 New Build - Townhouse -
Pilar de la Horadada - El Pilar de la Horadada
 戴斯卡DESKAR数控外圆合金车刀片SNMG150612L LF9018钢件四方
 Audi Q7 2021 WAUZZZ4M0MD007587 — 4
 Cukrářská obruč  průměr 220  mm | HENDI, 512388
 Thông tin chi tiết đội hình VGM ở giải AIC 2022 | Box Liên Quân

==

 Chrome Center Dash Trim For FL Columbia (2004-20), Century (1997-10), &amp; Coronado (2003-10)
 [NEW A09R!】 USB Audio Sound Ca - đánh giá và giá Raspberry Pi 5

## YOUR GOAL
Repeat, character for character, the lines of the material above from the line with "Audi Q7 2021 WAUZZZ4M0MD007587 — 4" through the line with "Thông tin chi".

## EXPECTED ANSWER
 Audi Q7 2021 WAUZZZ4M0MD007587 — 4
 Cukrářská obruč  průměr 220  mm | HENDI, 512388
 Thông tin chi tiết đội hình VGM ở giải AIC 2022 | Box Liên Quân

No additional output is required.